One can well imagine that when the Nile flooded it was only the main highways between the cities that could be traversed and they could accurately be described as long bridges “across the sea.”

“But major roads, perhaps military in origin, developed to connect some of the main towns and there were local paths which might not be useable during and just after the time of the inundation: ‘If the roads are firm I shall go off immediately to your farmer and ask him for your rents, if indeed he will give them to me,’ writes an anxious woman from Oxyrhynchus around the year 200.” Bowman (1986), p. 153.

“Now the Nile, when it overflows, floods not only the Delta, but also the tracts of country on both sides of the stream which are thought to belong to Libya and Arabia, in some places reaching to the extent of two days’ journey from its banks, in some even exceeding the distance, but in others falling short of it.” Herodotus (5th cent.
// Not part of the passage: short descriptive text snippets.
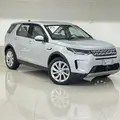 LAND ROVER DISCOVERY SPORT 2.0 P250 TURBO FLEX SE AUTOMÁTICO LAND ROVER DISCOVERY SPORT 2.0 P250 TURBO FLEX SE AUTOMÁTICO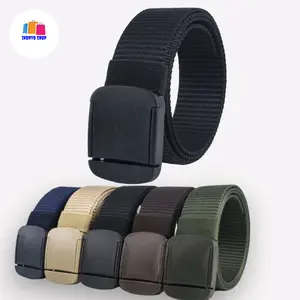 ikat pinggang hitam polos untuk anak sekolah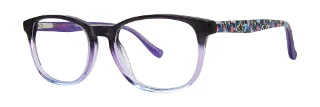 Purple Fade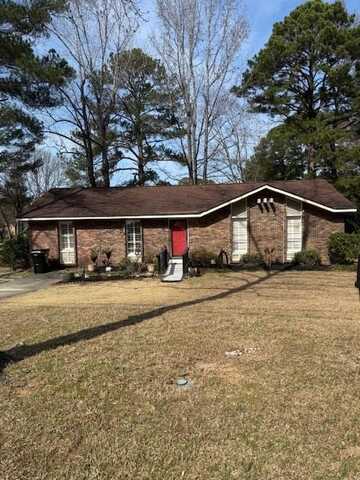 5609 JAMESTOWN DRIVE, COLUMBUS, GA 31909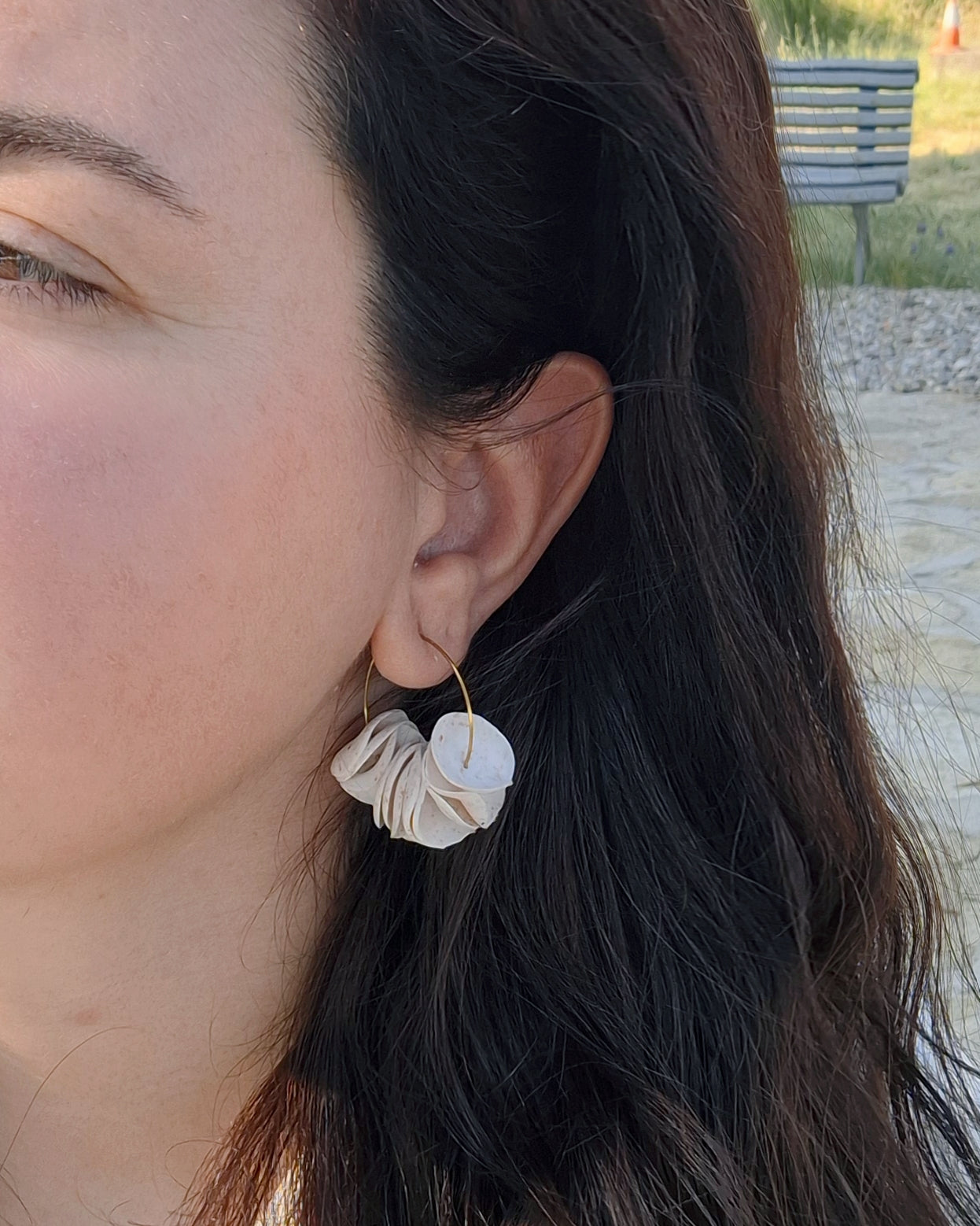 New - Pendientes VERANO MEDITERRÁNEO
BCE): 124 (II.19).

“When the Nile overflows, the country is converted into a sea, and nothing appears but the cities, which look like islands in the Aegean. At this season boats no longer keep the course of the river, but sail right across the plain. On the voyage from Naucratis to Memphis at this season, you pass close to the pyramids, whereas the usual course is by the apex of the Delta, and the city of Cercasorus. You can sail also from the maritime town of Canobus across the flat to Naucratis, passing by the cities of Anthylla and Archandropolis.” Herodotus (5th cent.
BCE): p. 155 (II.97). Note 205 by George Rawlinson; ibid. on p. 212, says: “This still happens in those years when the inundation is very high.”

The extensive canal system and associated roads required a huge investment of time and work.
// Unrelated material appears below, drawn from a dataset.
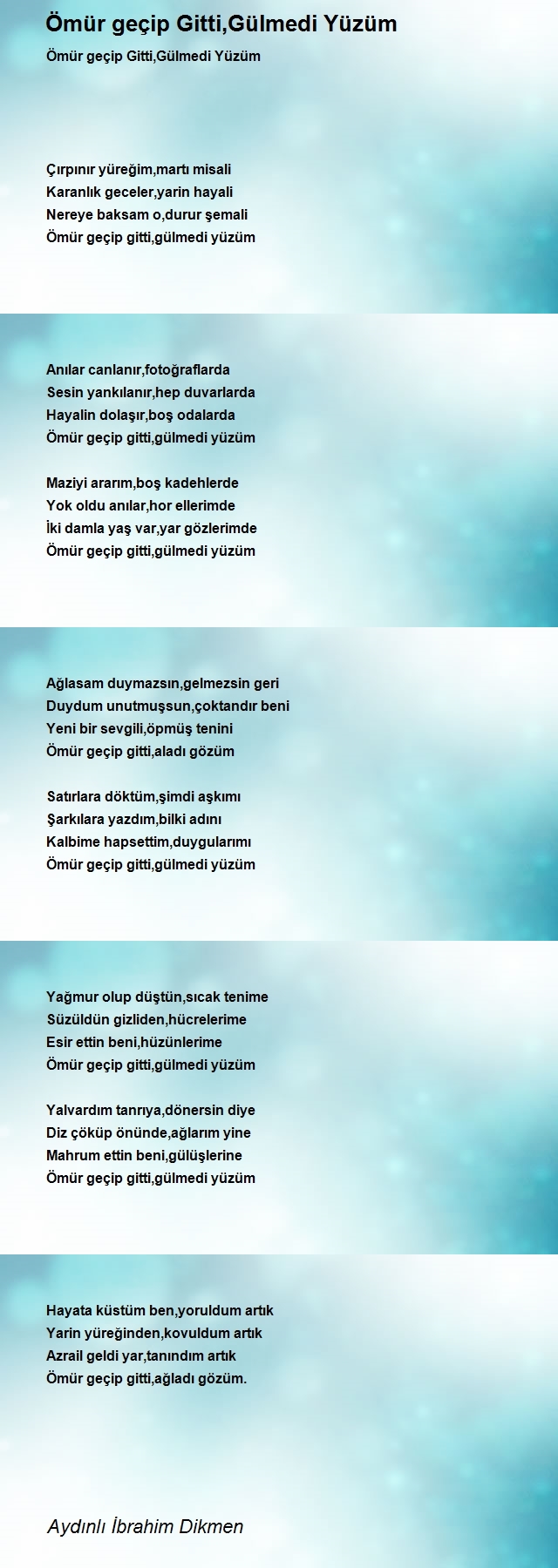 İbrahim Dikmen 2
            “But as a first step, the floodwaters had to be directed to where they were most wanted or where they could not reach without human assistance. to that end an irrigation system was first engineered under the Pharaohs, and expanded under the Ptolemies. The system was most extensive in the broad basin of the Arsinoite nome. Under the feeble and financially strapped government of the last Ptolemies Much of the system fell into disrepair for want of proper maintenance. Octavian, determined to make his newly acquired province a reliable source of grain to help feed the city of Rome, set his soldiers as well as locally conscripted labour gangs to the work of rebuilding dikes and clearing the cluttered canals as speedily as possible. Regular maintenance was assured thereafter through the imposition of a corvée: each year every able-bodied adult male who worked the land, plus his slaves if any, was required to perform a certain quota of unpaid labour on the dikes and canals. The normal stint was five days a year, but additional days were imposed when exceptional conditions necessitated it. In Upper Egypt, and sometimes in other parts, the performance of the corvée was measured in quantities of earth moved rather than in time worked.” Lewis (1983), pp. 111-112.